### DIRECTIONS:
Please print nothing but the lines from the one containing "mapa Nojszew, Nojszew na mapie Targeo" to the final line below, exactly, and no pictures.

### GIVEN ENTRIES:
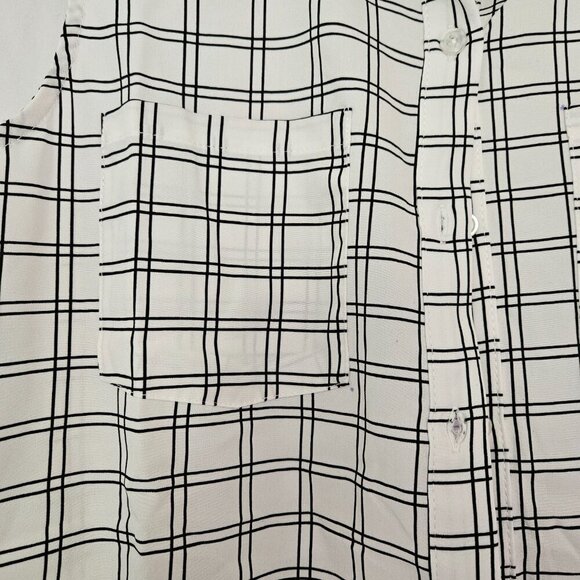 Notations sleeveless checkered collared blouse black white - Picture 2 of 6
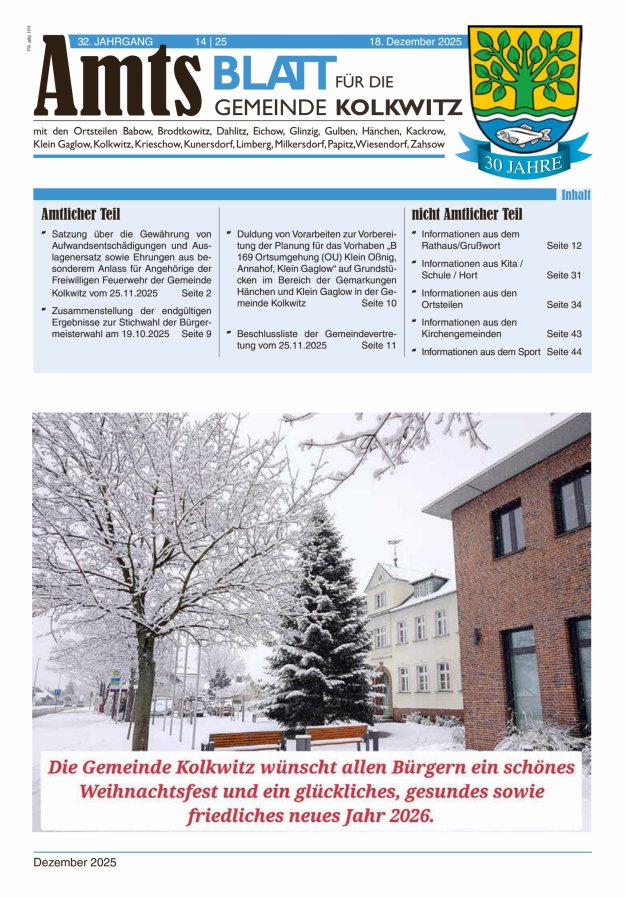 Amtsblatt für die Gemeinde Kolkwitz  Titelblatt 14/2025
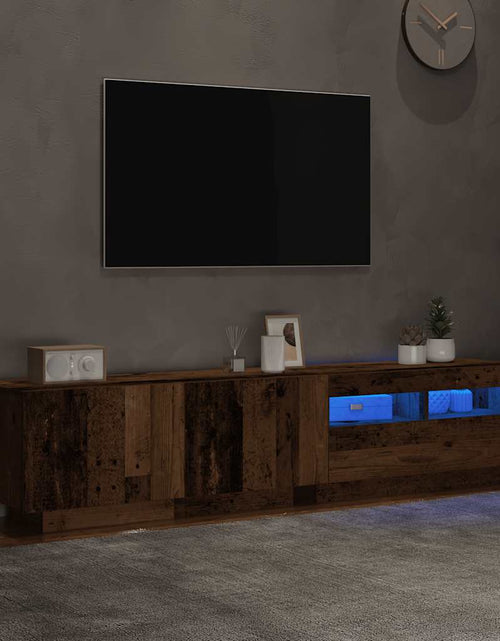 Загрузите изображение в средство просмотра галереи, Dulap TV cu lumini LED lemn vechi 180x35x40 cm lemn prelucrat
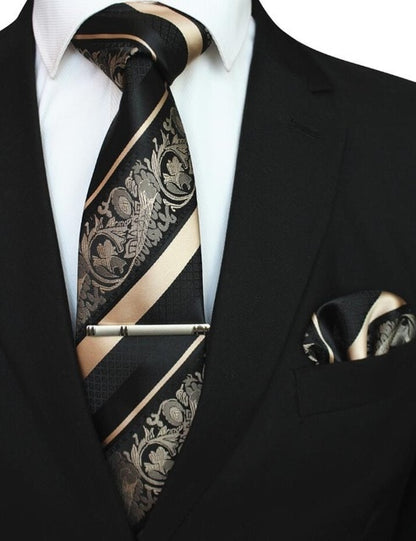 Mens Floral Tie Handkerchief Yellow Striped Necktie Pocket Square Clip Wedding Accessories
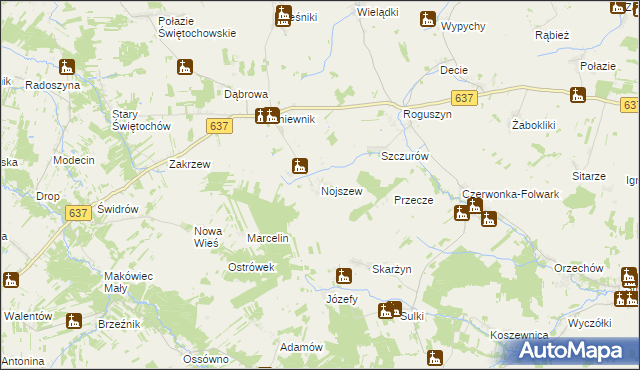 mapa Nojszew, Nojszew na mapie Targeo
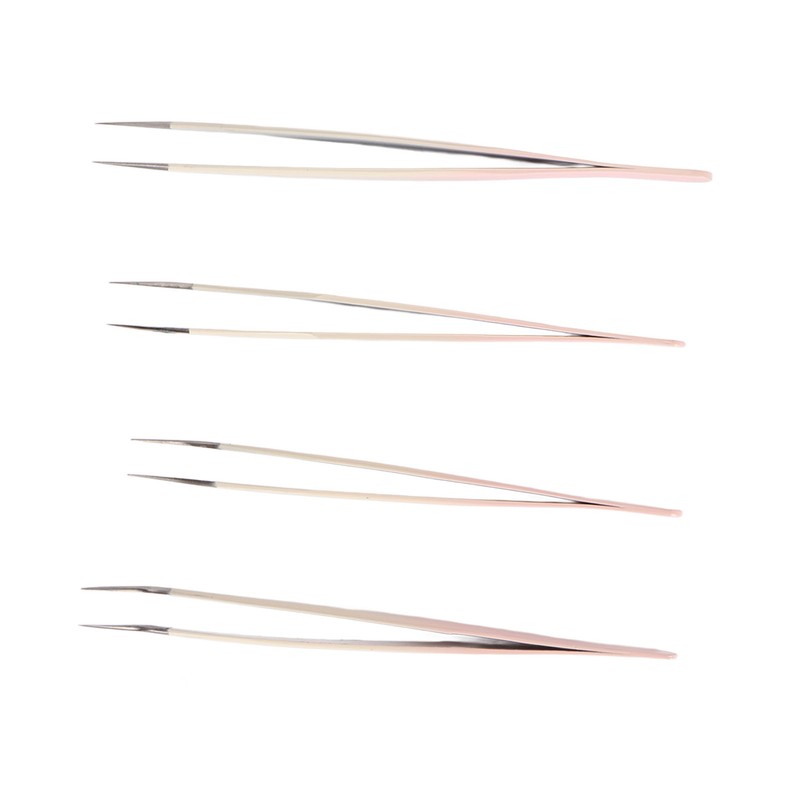 4pcs Eyelash Tweezers Set Stainless Steel False Eyelash Extension Tweezers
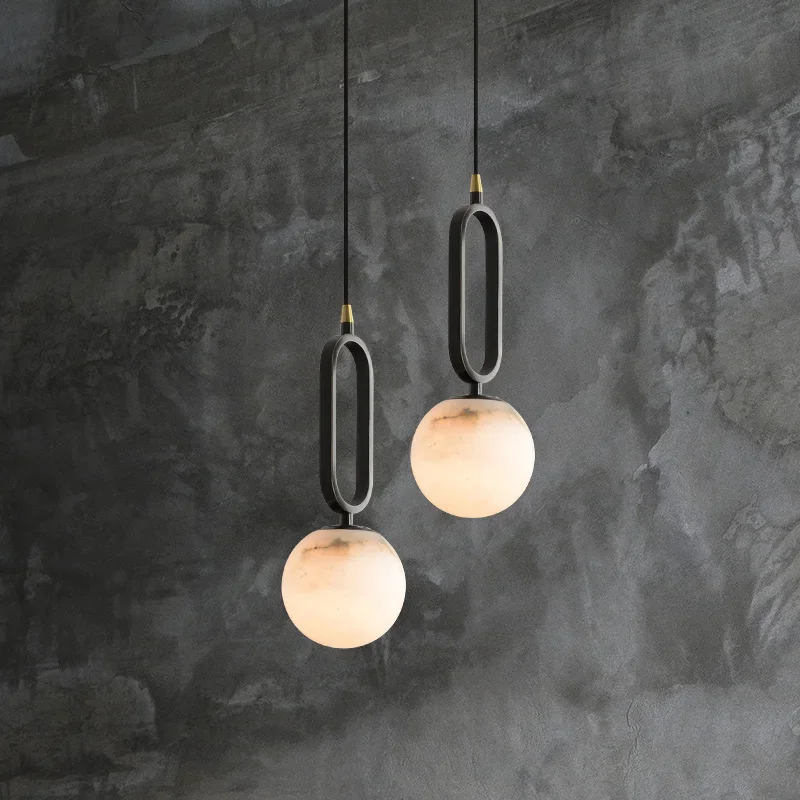 Natuurstenen Marmeren Hanglamp – Luxe Scandinavische Verlichting met Koperen Details | Sansoti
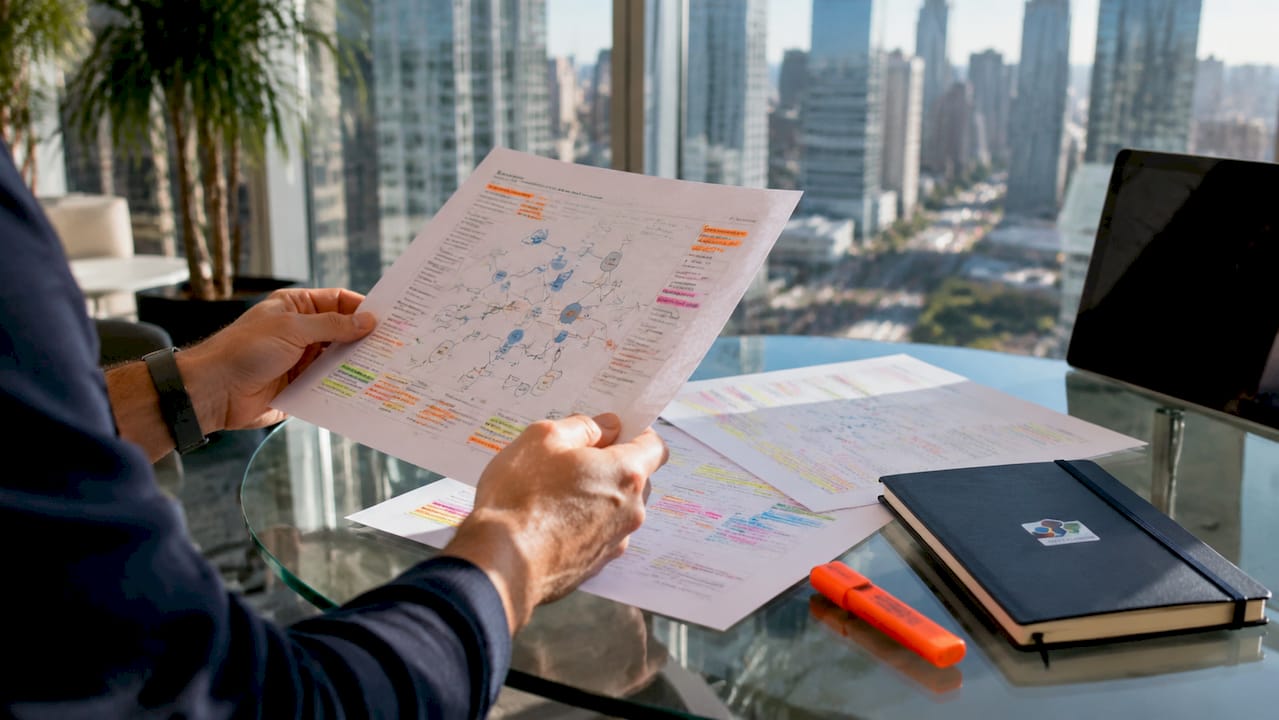 Hands reviewing entity-based SEO documents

### ANSWER SPACE:
 mapa Nojszew, Nojszew na mapie Targeo
 4pcs Eyelash Tweezers Set Stainless Steel False Eyelash Extension Tweezers
 Natuurstenen Marmeren Hanglamp – Luxe Scandinavische Verlichting met Koperen Details | Sansoti
 Hands reviewing entity-based SEO documents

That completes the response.